**Problem:** Starting with the line where "Sandberg Office Saver" appears, print every line through the end of the entries below exactly as it stands, and leave out the pictures.
:: Given data
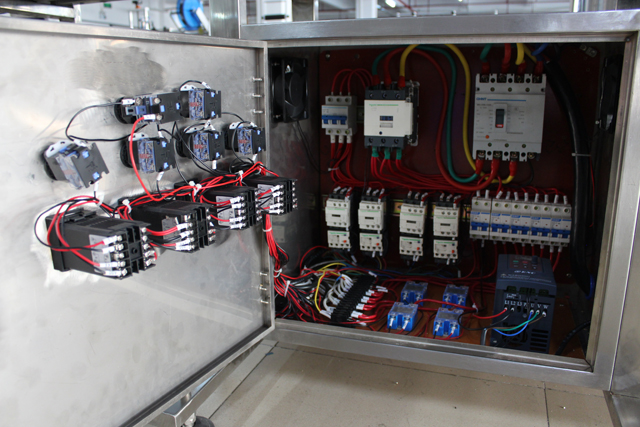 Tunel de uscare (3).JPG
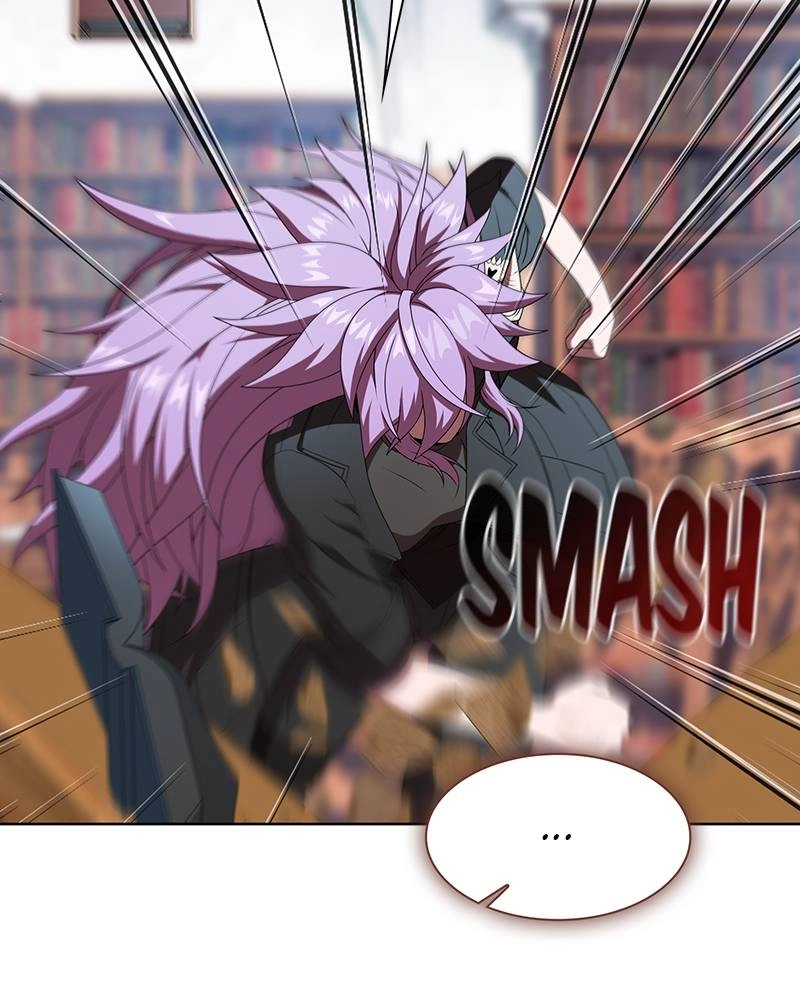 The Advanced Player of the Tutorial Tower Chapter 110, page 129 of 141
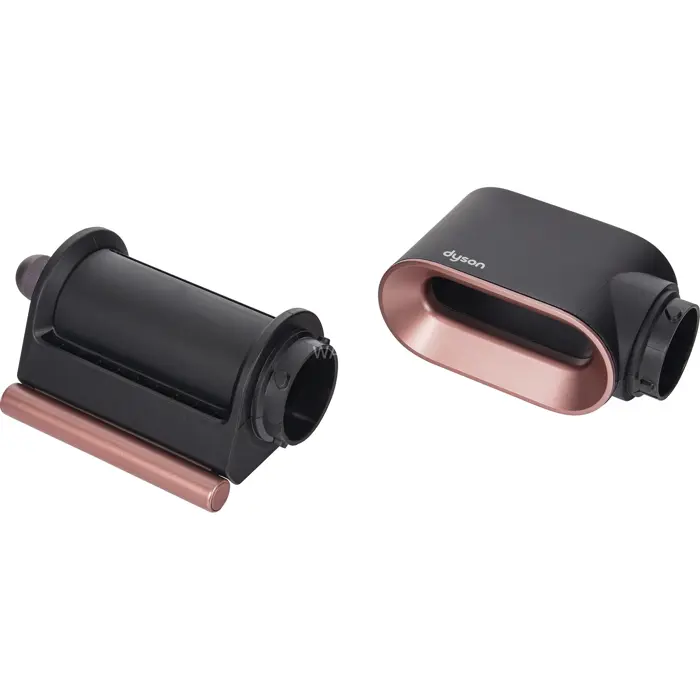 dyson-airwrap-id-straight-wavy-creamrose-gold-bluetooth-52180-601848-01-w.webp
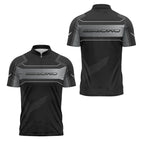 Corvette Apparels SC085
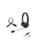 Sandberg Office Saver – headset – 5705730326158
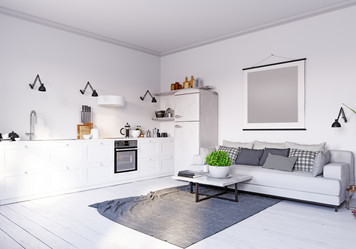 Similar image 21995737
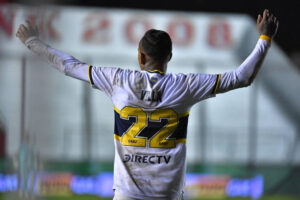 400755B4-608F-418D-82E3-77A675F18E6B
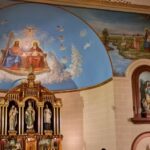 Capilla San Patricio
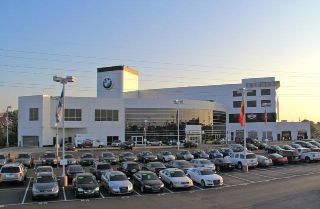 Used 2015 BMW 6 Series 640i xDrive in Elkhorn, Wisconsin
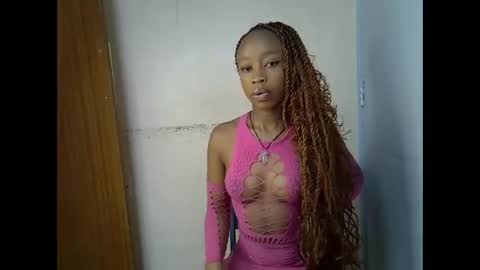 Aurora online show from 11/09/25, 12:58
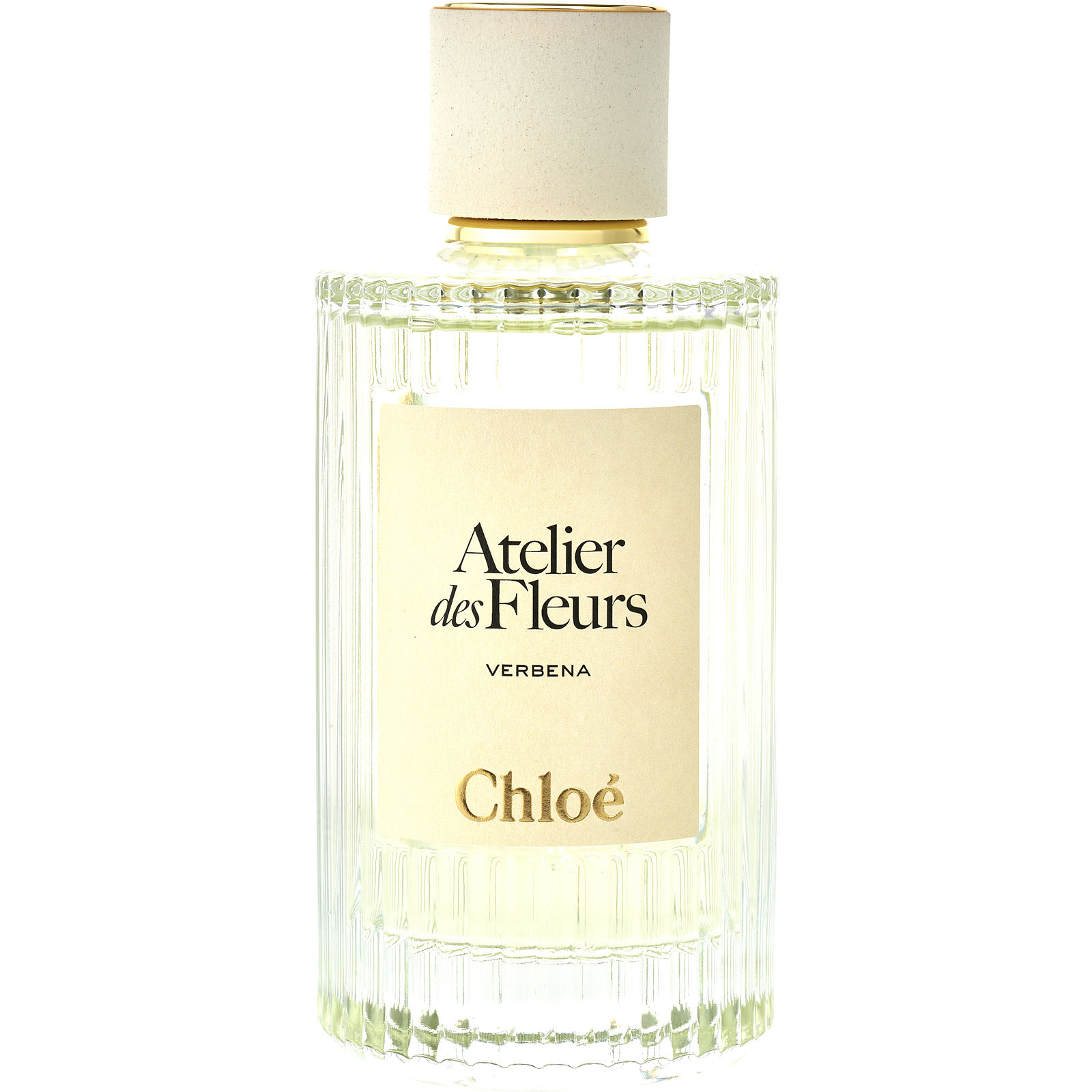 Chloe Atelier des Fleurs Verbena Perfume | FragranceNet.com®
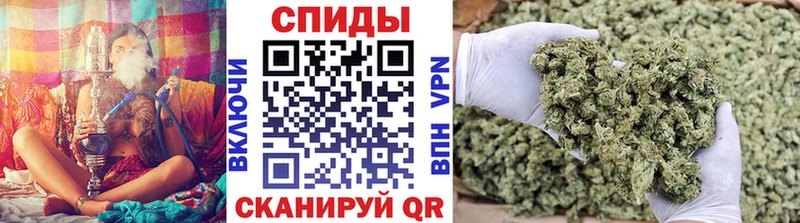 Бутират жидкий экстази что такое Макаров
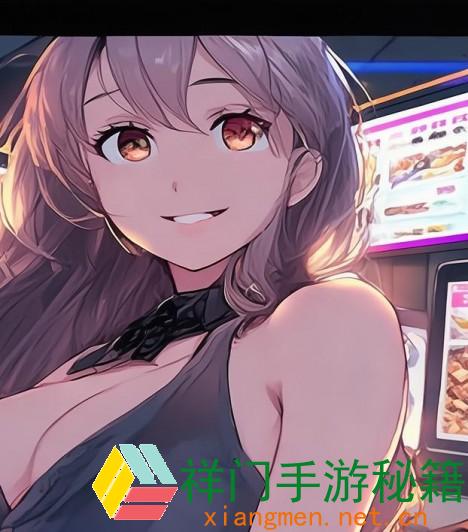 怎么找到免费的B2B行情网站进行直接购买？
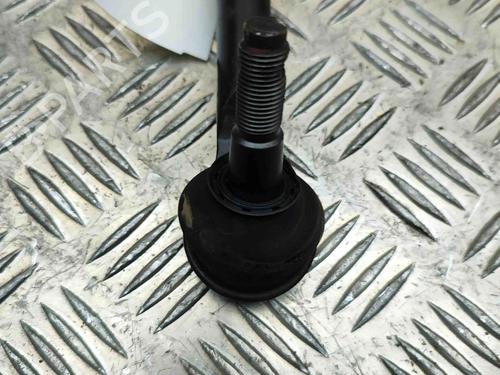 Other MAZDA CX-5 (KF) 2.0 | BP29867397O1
::::
**Response below:**
 Sandberg Office Saver – headset – 5705730326158
 Similar image 21995737
 400755B4-608F-418D-82E3-77A675F18E6B
 Capilla San Patricio
 Used 2015 BMW 6 Series 640i xDrive in Elkhorn, Wisconsin
 Aurora online show from 11/09/25, 12:58
 Chloe Atelier des Fleurs Verbena Perfume | FragranceNet.com®
 Бутират жидкий экстази что такое Макаров
 怎么找到免费的B2B行情网站进行直接购买？
 Other MAZDA CX-5 (KF) 2.0 | BP29867397O1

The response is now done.